I have been tasked with writing a shell script to grep through hundreds of log files in many directories on Linux and Solaris servers. Some of the logs are compressed in many formats and some are a few GB in size. I am worried about grep using a lot of resources on the server and possibly taking down web servers that are running on the machine through exhausting the memory (If this will likely happen).
Should I uncompress the files, grep them and then compress them again or use zgrep (or equivalent) to search them while compressed? Would there be an advantage resource wise to using one method over the other?
Also, is there a simple way to restrict the memory usage of a command to a percentage of what is currently available?
If someone could explain how memory usage works while running these commands, it would help out a lot.
grep
memory usage is constant; it doesn't scale with file size†. It doesn't need to keep the whole file in memory, only the area it's searching through.

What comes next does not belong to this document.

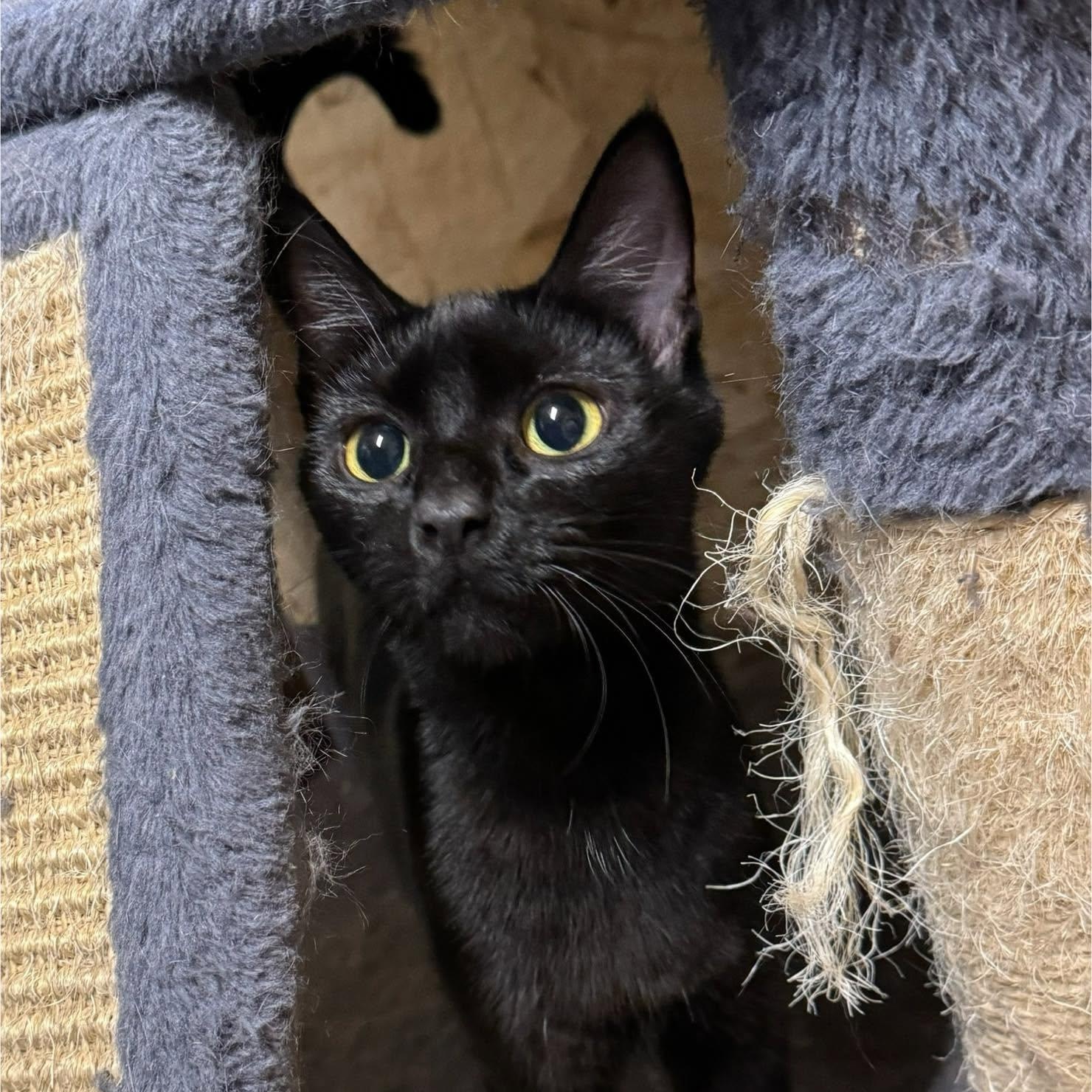 Enlarge Dolly, a Adoptable Domestic Short Hair in Ludington, MI image 2/5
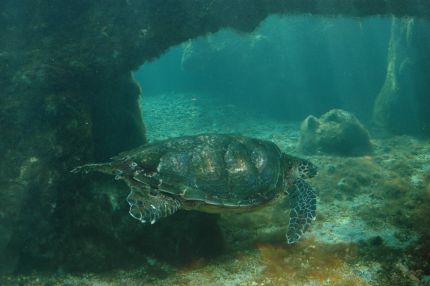   La tortue marine passe sa nuit posée au fond du bassin. &#13;&#10;&#13;&#10;&#9;&#9;(Photo : A.Cassim)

Decompression is similar. Memory usage is proportional to the dictionary size, not to the total file size. Dictionary size is nothing to worry about: a few megabytes at most.
I would not worry about some simple grep
/ zgrep
/ zcat | grep
searches taking down other processes. This stuff is Linux's bread and butter.
† Beware of scanning through files with incredibly long lines, though. Its memory usage does scale with line length. You can use grep -I
to skip binary files, which is usually sufficient.